Color Science Thesis
Defense
Improved Colorimetry
Through Fundamental Appearance Scales
Saeedeh Abasi
Color Science Ph.D.
Candidate
Rochester Institute of
Technology
Event
Details:
This dissertation
introduces a new framework for color appearance modeling, referred to as
the Fundamental Color Appearance Model (FCAM). The primary objective of
this work is to develop perceptually meaningful color appearance scales
that are directly derived from cone fundamentals and formulated as
independent one-dimensional scales. Unlike conventional color appearance
models that rely on complex three-dimensional color spaces and extensive
nonlinear processing, FCAM describes color appearance attributes
individually through mathematically simple and physiologically grounded
formulations. FCAM consists of four independent one-dimensional scales:
the Fundamental Hue Scale (FHS), Fundamental Lightness Scale (FLS),
Fundamental Brightness Scale (FBS), and Fundamental Saturation Scale
(FSS). Each scale is derived directly from LMS cone responses and can
incorporate chromatic adaptation in a straightforward manner. This
structure reflects the perceptual independence of color appearance
attributes and avoids assumptions about an underlying multidimensional
geometry. The proposed scales were evaluated using a wide range of
existing psychophysical data sets as well as newly collected experimental
data. Results demonstrate that the fundamental one-dimensional scales
achieve performance that is comparable to, and in some cases exceeds,
that of established and more complex color appearance models. Despite
their simplicity, the proposed scales successfully predict key perceptual
properties such as hue linearity and spacing, lightness and brightness
behavior under varying viewing conditions, and saturation constancy
across hue and luminance changes. An important achievement of this
research is the flexibility of the proposed one-dimensional framework.

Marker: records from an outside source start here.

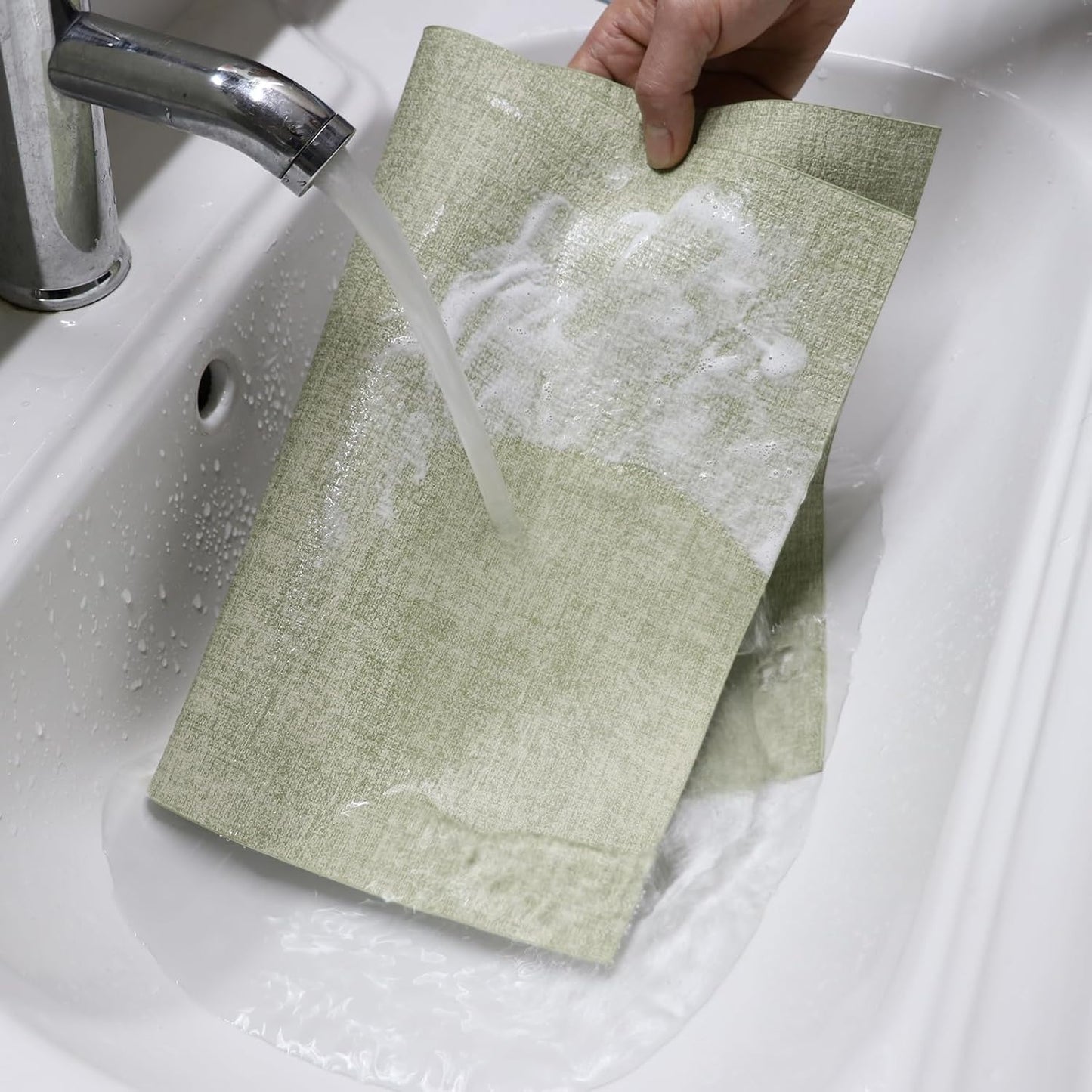 Placemats Set of 4 Washable Heat Resistant Place Mats PVC Woven Dining Table Mat Pink 4pcs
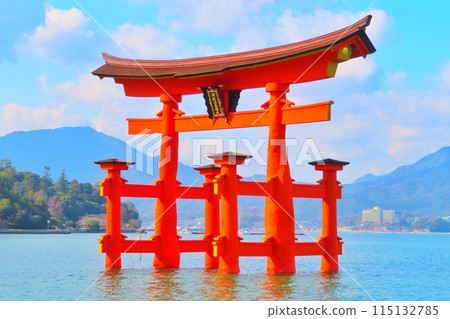 [Hiroshima Prefecture] Great Torii of Miyajima, one of Japan's three most scenic views of Aki 115132785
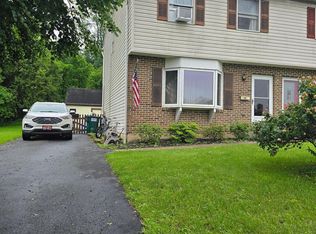 536 E Linden St, Fleetwood, PA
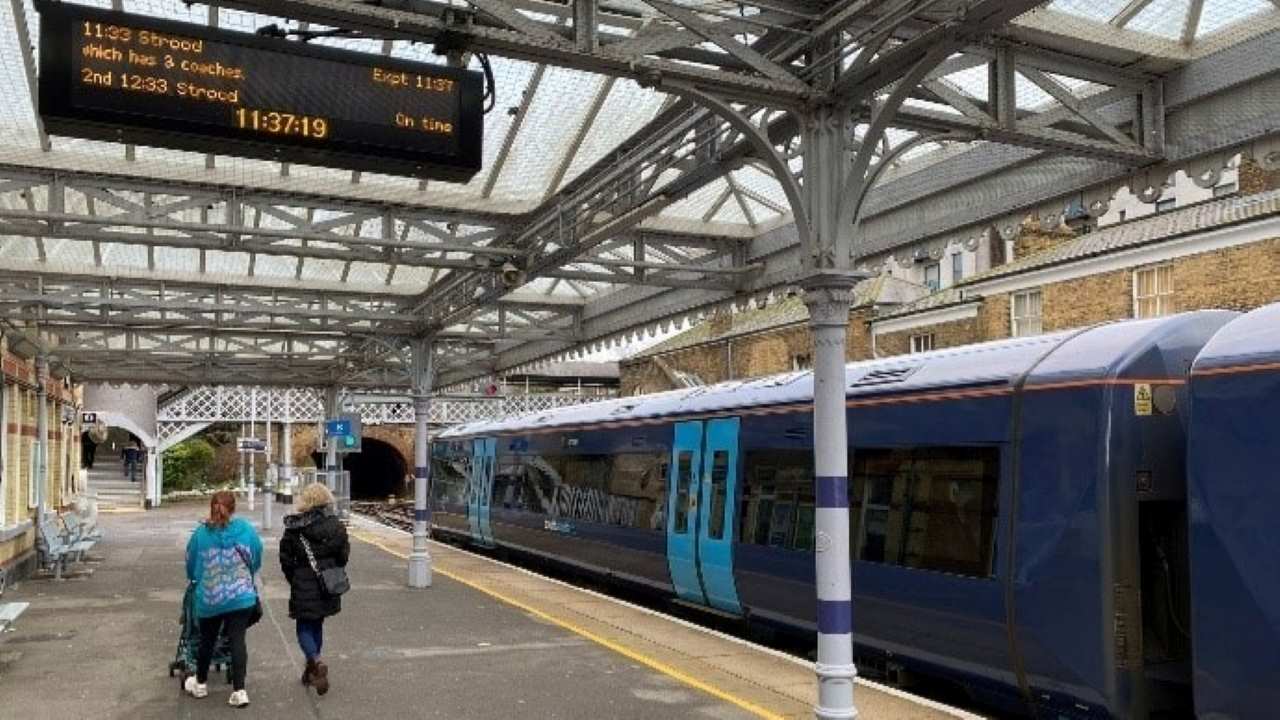 A 375-3 at Maidstone West station - Southeastern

Each scale can be optimized independently using new or
application-specific data sets without affecting the remaining
attributes. This modular structure allows FCAM to be adapted to different
observers, viewing conditions, and emerging display technologies while
maintaining computational efficiency and conceptual clarity. Overall,
this dissertation demonstrates that accurate color appearance prediction
does not require highly complex mathematical models. Instead,
perceptually effective and physiologically meaningful color appearance
modeling can be achieved through simple, independent, and adaptable
one-dimensional scales derived directly from cone
fundamentals.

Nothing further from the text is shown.